|Publication number||US4477706 A|
|Application number||US 06/399,409|
|Publication date||Oct 16, 1984|
|Filing date||Jul 19, 1982|
|Priority date||Jul 19, 1982|
|Publication number||06399409, 399409, US 4477706 A, US 4477706A, US-A-4477706, US4477706 A, US4477706A|
|Inventors||Robert A. Mittelsteadt|
|Original Assignee||Control Data Corporation|
|Export Citation||BiBTeX, EndNote, RefMan|
|Patent Citations (8), Referenced by (47), Classifications (14), Legal Events (6)|
|External Links: USPTO, USPTO Assignment, Espacenet|
1. Field of the Invention
The invention relates to the field of microwave ovens and more particularly to combination microwave, convection and broiling ovens.
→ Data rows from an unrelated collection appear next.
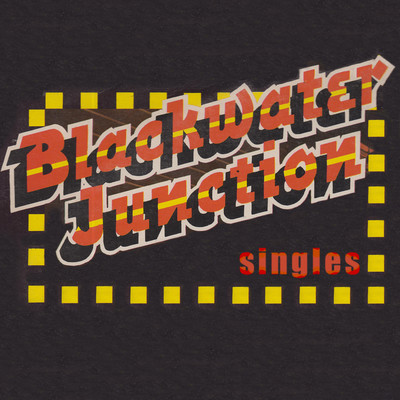 アルバム/Singles/Blackwater Junction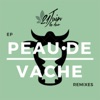 Peau de vache (Remixes EP) - EP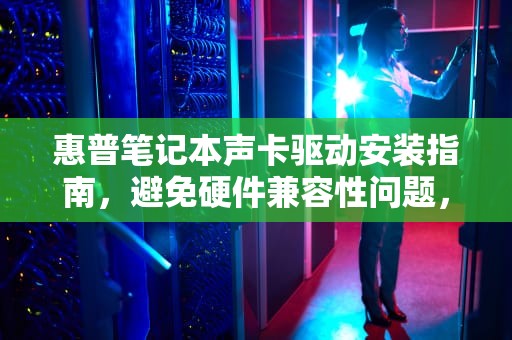 惠普笔记本声卡驱动安装指南,避免硬件兼容性问题,惠普笔记本声卡驱动怎么安装 惠普笔记本声卡驱动安装指南,避免硬件兼容性问题,惠普笔记本声卡驱动怎么安装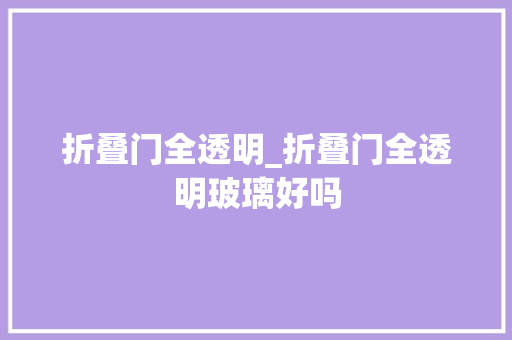 折叠门全透明_折叠门全透明玻璃好吗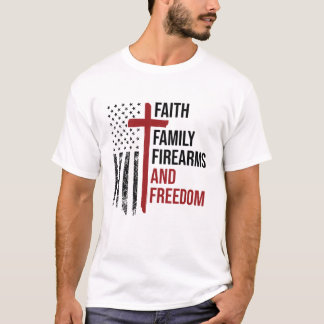 Faith Family Firearms Freedom Christian Patriot T Shirt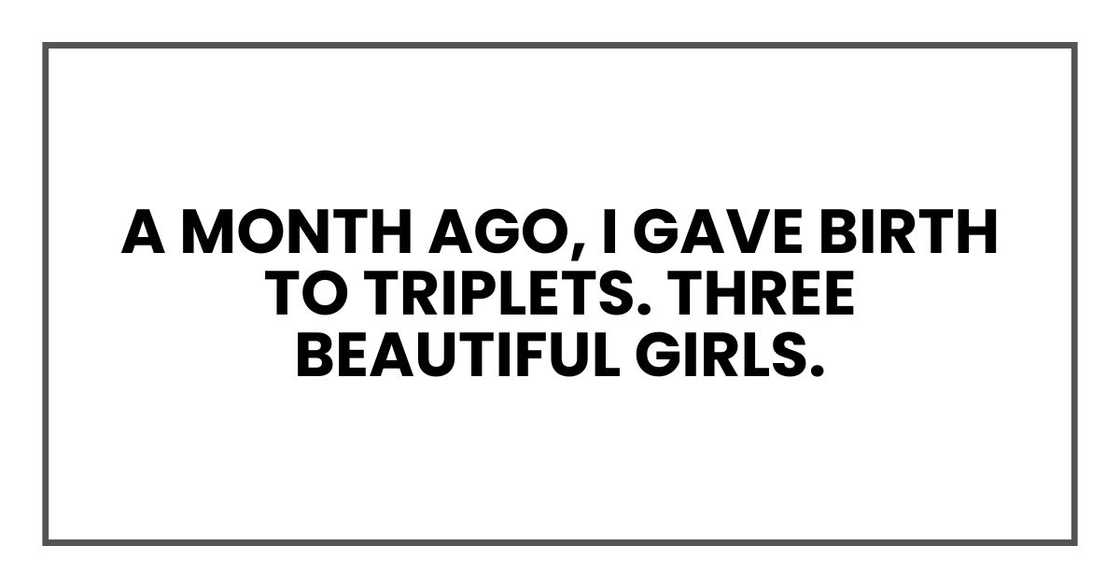 A month ago, I gave birth to triplets. Three beautiful girls. A month ago, I gave birth to triplets. Three beautiful girls.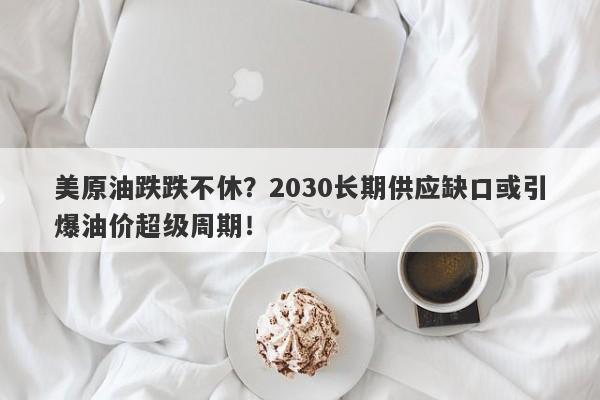 美原油跌跌不休？2030长期供应缺口或引爆油价超级周期！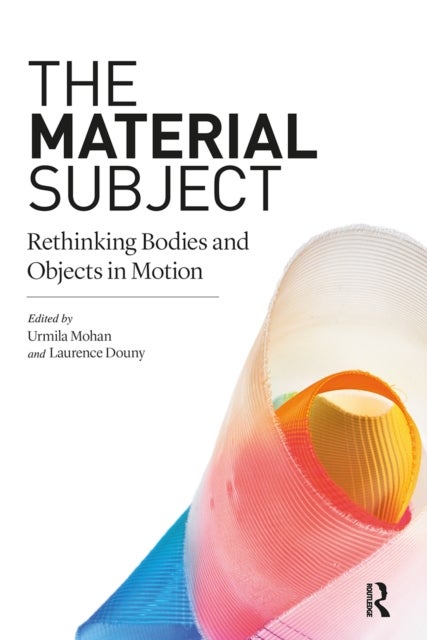 The Material Subject - Rethinking Bodies and Objects in Motion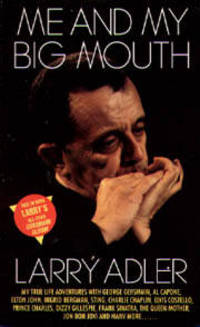 Me and My Big Mouth by Larry Adler with Philip Judge - 1994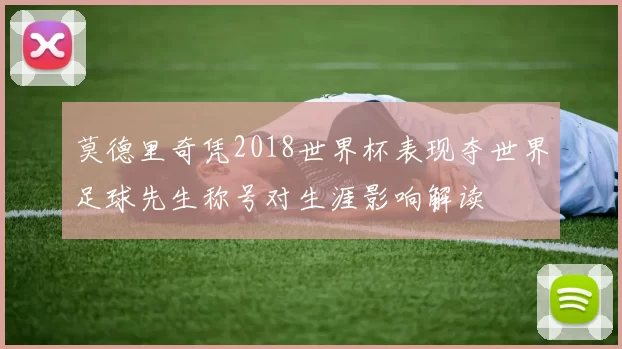 莫德里奇凭2018世界杯表现夺世界足球先生称号对生涯影响解读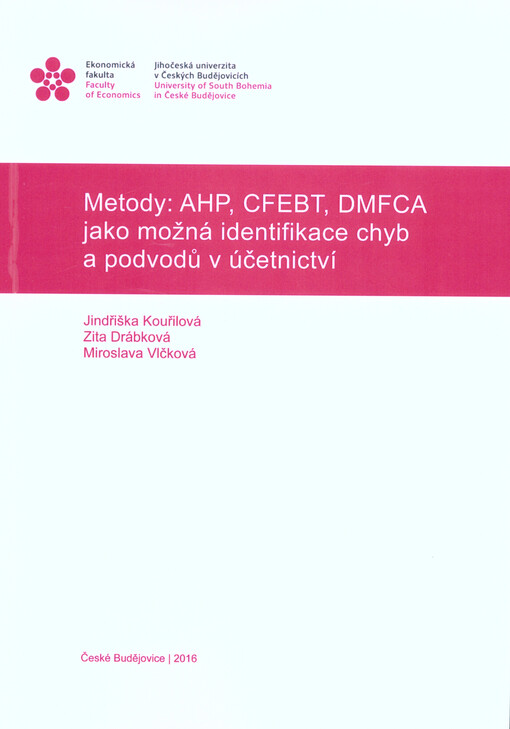 Metody: AHP, CFEBT, DMFCA jako možná identifikace chyb a podvodů v účetnictví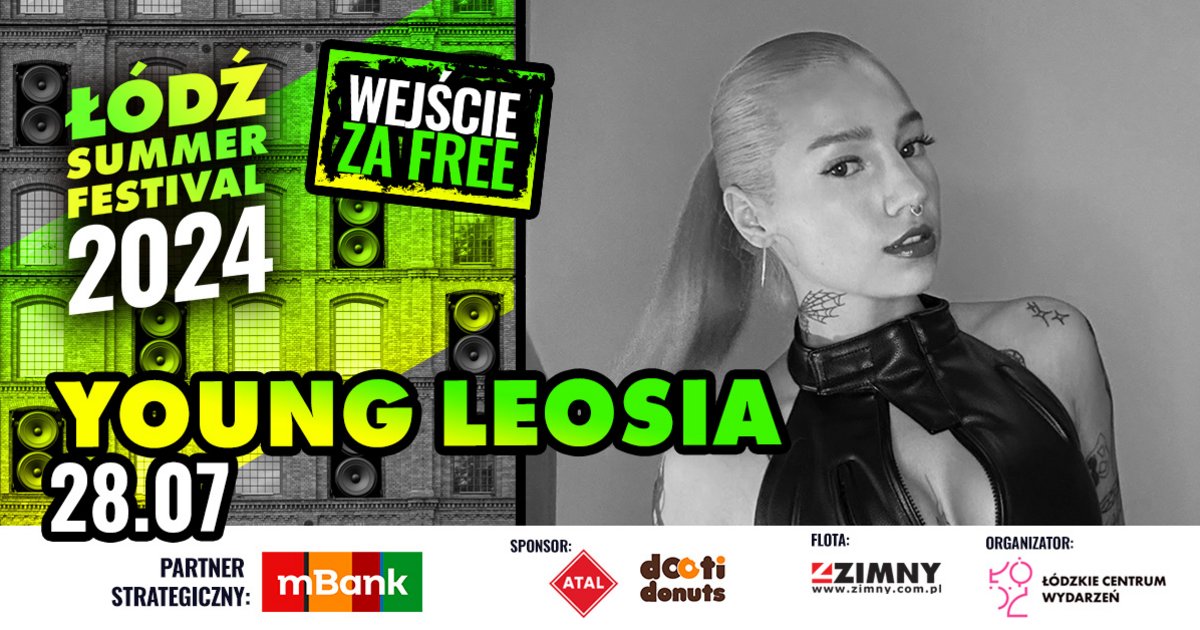 Łódź Summer Festival 2024. Young Leosia kolejną gwiazdą festiwalu! ŁÓDŹ.PL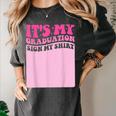 It's My Graduation Sign My Shirt Groovy Girls Graduation Women's Comfort Colors T-Shirt Pepper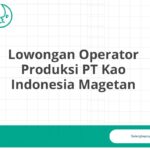 Lowongan Operator Produksi PT Kao Indonesia Magetan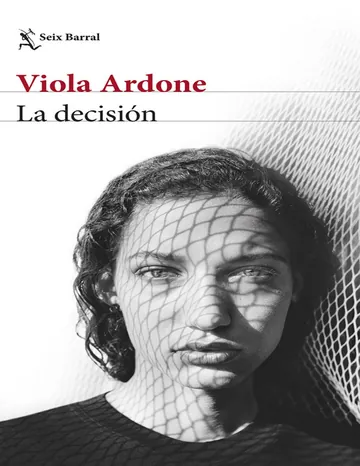La decisión de Viola Ardone, portada del libro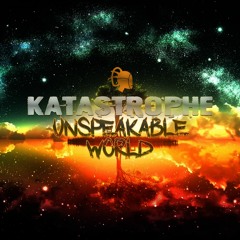 Katastrophe - Unspeakable World(Original MIx)OUT NOW CLICK BUY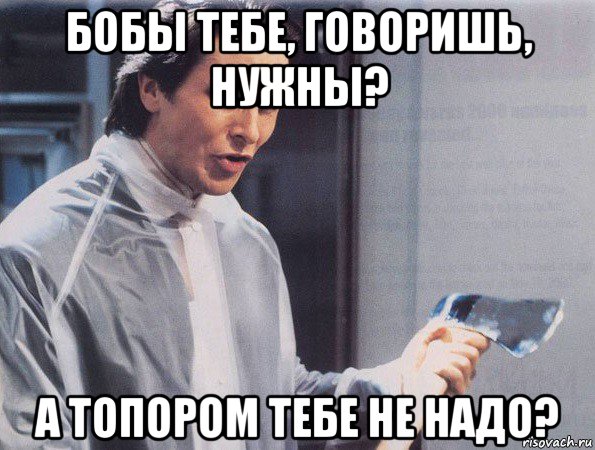 бобы тебе, говоришь, нужны? а топором тебе не надо?, Мем Американский психопат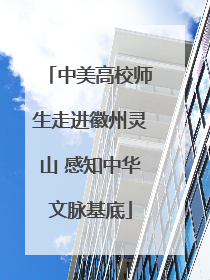 中美高校师生走进徽州灵山 感知中华文脉基底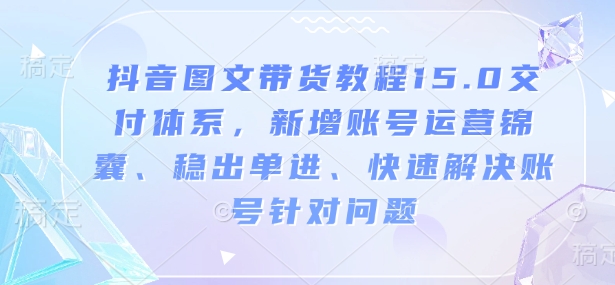 抖音图文带货教程15.0交付体系，新增账号运营锦囊、稳出单进、快速解决账号针对问题-八爪鱼资源库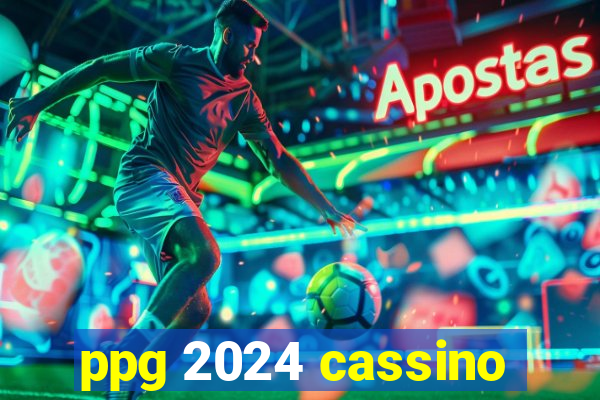 ppg 2024 cassino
2. Brief Description of the Prior Art
The concept of a combination microwave/convection and broiling oven is known. See e.g., U.S. Pat. No. 3,716,687 filed Aug. 18, 1971 to R. J. W. Constable. Some prior ovens employ certain features of the present invention, such as including a quartz infrared lamp in the oven for the purpose of broiling, see e.g., U.S. Pat. Nos. 4,096,369 filed Nov. 15, 1976 to Tanaka et al. (assigned to Matsushita Electric Industrial Co., Ltd. of Japan) and 3,878,350 filed July 14, 1972 to Takagi (assigned to Sharp Kabushiki Kaisha of Japan), or a hot air convection means, see e.g., U.S. Pat. No. 4,262,183 filed Sept. 24, 1979 to Smith et al. (assigned to the General Electric Co.).
In the only known prior use of quartz infrared lamps in a microwave oven, the lamps are enclosed in a wire mesh to shield them from microwaves. See the above-referenced '369 and '350 patents. The resulting structures not only occupy valuable oven space, but are also not easily removable or cleanable. In addition, the wire mesh masks a good deal of the infrared, thereby restricting the efficiency of the lamp and unnecessarily heating the microwave shield up to a high temperature.
The quartz infrared lamp structure of the present invention not only has no in-cavity microwave shield, which leads to a much higher infrared efficiency, but the lamp is also removable both for easy cleaning and for providing a larger oven cavity for microwave-only operation.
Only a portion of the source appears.